By choosing \(\widehat{W}\) so that \(\widehat{W}\overset{p}{\rightarrow}W\propto V_{o}\), the form of the asymptotic variance is now \[\Omega_{o}=\left(Q_{ZX}^{\prime}V_{o}^{-1}Q_{ZX}\right)^{-1}.\]
Note this is the optimal choice of the weighting matrix in the sense that \(\Omega-\Omega_{o}\) is positive semi-definite.
The optimal choice of the weighting matrix is proportional to the asymptotic variance of \(\mathbf{Z}^{\prime}\varepsilon\), which is really \(\mathbf{Z}^{\prime}\left(Y-\mathbf{X}\beta^{o}\right)\). This has a very nice interpretation and opens the possibility for a similar approach to consistent covariance matrix estimation.
The optimal choice of the weighting matrix gives us the optimal/efficient GMM estimator.
From the main textbook: “The use of the optimal weighting matrix downweights the sample moments which have large sampling variations.”
Suppose that \[\begin{eqnarray} X_{1t} &=& \mu+\varepsilon_{1t}\\ X_{2t} &=& \mu+\varepsilon_{2t}\end{eqnarray}\]
Assume that \(\left\{ \left(\varepsilon_{1t},\varepsilon_{2t}\right)\right\}\) is IID. Further assume that \(\mathbb{E}\left(\varepsilon_{1t}\right)=\mathbb{E}\left(\varepsilon_{2t}\right)=0\), \(\mathsf{Var}\left(\varepsilon_{1t}\right)=\sigma_{1}^{2}<\infty\), \(\mathsf{Var}\left(\varepsilon_{2t}\right)=\sigma_{2}^{2}<\infty\), and \(\varepsilon_{1t}\), \(\varepsilon_{2t}\) are independent of each other.

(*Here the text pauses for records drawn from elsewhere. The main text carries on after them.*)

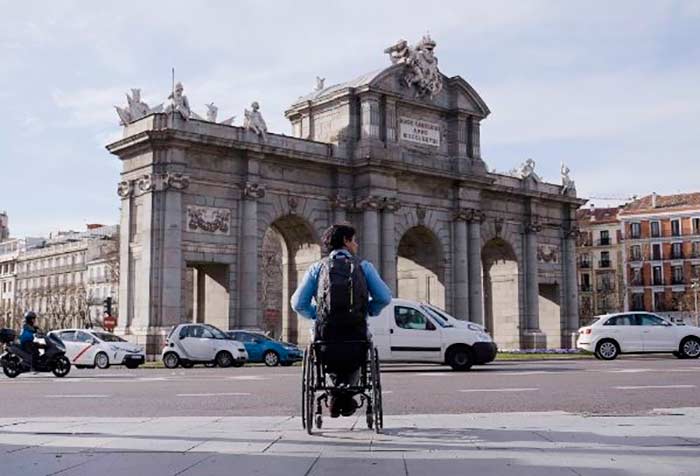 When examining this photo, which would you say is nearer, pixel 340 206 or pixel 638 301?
pixel 340 206

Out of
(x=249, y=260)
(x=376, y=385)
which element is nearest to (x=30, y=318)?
(x=249, y=260)

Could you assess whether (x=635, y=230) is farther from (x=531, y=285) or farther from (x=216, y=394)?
(x=216, y=394)

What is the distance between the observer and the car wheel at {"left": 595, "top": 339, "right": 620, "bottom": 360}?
→ 28.0 m

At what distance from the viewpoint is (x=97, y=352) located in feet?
97.0

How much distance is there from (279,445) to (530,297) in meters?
42.3

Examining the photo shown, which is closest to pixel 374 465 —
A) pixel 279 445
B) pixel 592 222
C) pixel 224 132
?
pixel 279 445

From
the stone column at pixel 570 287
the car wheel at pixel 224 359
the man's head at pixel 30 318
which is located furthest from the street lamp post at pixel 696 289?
the man's head at pixel 30 318

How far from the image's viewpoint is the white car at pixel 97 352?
96.6 ft

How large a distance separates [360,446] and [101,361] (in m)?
24.4

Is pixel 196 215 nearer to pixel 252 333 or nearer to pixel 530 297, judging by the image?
pixel 252 333

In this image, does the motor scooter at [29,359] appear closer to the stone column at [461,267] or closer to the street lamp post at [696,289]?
the stone column at [461,267]

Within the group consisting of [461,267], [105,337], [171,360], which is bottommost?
[171,360]

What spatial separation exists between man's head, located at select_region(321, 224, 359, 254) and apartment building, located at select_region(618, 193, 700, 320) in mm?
80013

Propose a consistent estimator for \(\mu\) using only an IID random sample from \(\left\{ X_{1t}\right\}\). Derive the asymptotic distribution of this estimator.

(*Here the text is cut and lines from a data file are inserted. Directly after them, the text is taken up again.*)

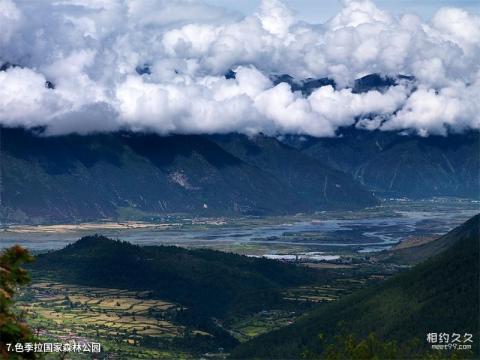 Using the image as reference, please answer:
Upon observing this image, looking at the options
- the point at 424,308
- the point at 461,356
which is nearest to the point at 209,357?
the point at 424,308

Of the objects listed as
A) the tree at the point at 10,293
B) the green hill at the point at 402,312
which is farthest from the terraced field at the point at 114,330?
the tree at the point at 10,293

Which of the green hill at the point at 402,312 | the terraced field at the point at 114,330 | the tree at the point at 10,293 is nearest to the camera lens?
the tree at the point at 10,293

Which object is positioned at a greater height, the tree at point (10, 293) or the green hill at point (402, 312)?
the tree at point (10, 293)

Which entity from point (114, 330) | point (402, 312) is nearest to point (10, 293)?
point (402, 312)

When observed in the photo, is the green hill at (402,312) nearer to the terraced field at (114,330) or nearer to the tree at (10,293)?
the terraced field at (114,330)

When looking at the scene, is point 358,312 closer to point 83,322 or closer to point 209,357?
point 209,357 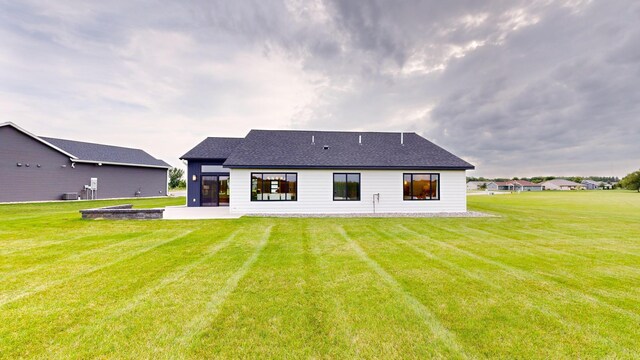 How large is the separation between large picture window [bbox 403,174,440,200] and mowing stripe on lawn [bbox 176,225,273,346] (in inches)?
443

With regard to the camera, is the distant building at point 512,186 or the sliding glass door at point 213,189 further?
the distant building at point 512,186

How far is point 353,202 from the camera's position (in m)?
14.0

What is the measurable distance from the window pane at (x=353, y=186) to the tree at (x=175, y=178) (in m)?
41.5

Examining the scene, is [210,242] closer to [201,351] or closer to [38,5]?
[201,351]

You are going to construct a GMM estimator that exploits an IID random sample from \(\left\{ \left(X_{1t},X_{2t}\right)\right\}\). Derive the optimal weighting matrix that exploits the following moment conditions:\[\begin{eqnarray}\mathbb{E}\left(X_{1t}-\mu\right) &=& 0 \\ \mathbb{E}\left(X_{2t}-\mu\right) &=& 0\end{eqnarray}\] Look at the structure of your optimal weighting matrix.

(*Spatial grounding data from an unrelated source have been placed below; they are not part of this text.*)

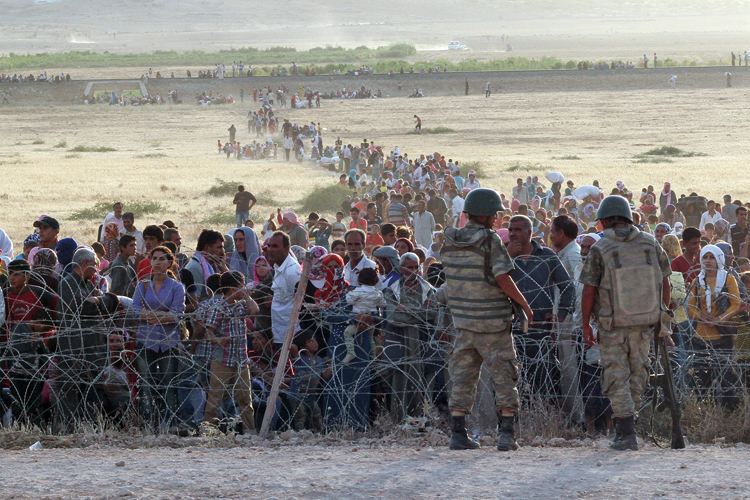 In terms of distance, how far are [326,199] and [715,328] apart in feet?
62.6

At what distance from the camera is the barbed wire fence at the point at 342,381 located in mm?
6504

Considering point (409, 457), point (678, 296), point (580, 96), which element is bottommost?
point (409, 457)

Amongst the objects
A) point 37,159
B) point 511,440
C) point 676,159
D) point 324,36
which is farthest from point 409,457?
point 324,36

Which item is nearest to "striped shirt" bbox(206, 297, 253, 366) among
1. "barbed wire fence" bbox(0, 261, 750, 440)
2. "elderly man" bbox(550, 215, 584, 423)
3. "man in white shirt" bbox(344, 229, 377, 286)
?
"barbed wire fence" bbox(0, 261, 750, 440)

Derive the efficient GMM estimator and its asymptotic distribution. Compare the asymptotic variances of the efficient GMM estimator against the estimator which uses only an IID random sample from \(\left\{ X_{1t}\right\}\).
If you strengthen \(\mathbb{E}\left(Z_{t}\varepsilon_{t}\right)=0\) to \(\mathbb{E}\left(\varepsilon_{t}|Z_{t}\right)=0\) and assume conditional homoscedasticity \(\mathsf{Var}\left(\varepsilon_{t}|Z_{t}\right)=\mathbb{E}\left(\varepsilon_{t}^{2}|Z_{t}\right)=\sigma^{2}\), then \(V_{o}=\sigma^{2}Q_{ZZ}\).
We obtain the following special case, but are classic results for the two-stage least squares (2SLS) estimator:\[\widehat{\beta}_{GMM}\left(\widehat{V}_{o}\right) = \left(\mathbf{X}^{\prime}\mathbf{Z}\left(\mathbf{Z}^{\prime}\mathbf{Z}\right)^{-1}\mathbf{Z}^{\prime}\mathbf{X}\right)^{-1}\mathbf{X}^{\prime}\mathbf{Z}\left(\mathbf{Z}^{\prime}\mathbf{Z}\right)^{-1}\mathbf{Z}^{\prime}Y=\widehat{\beta}_{2SLS}\] with asymptotic distribution equal to \[\sqrt{n}\left(\widehat{\beta}_{GMM}\left(\widehat{V}_{o}\right)-\beta^{o}\right) \overset{d}{\to} N\left(0,\left(Q_{ZX}^{\prime}Q_{ZZ}^{-1}Q_{ZX}\right)^{-1}\right).\]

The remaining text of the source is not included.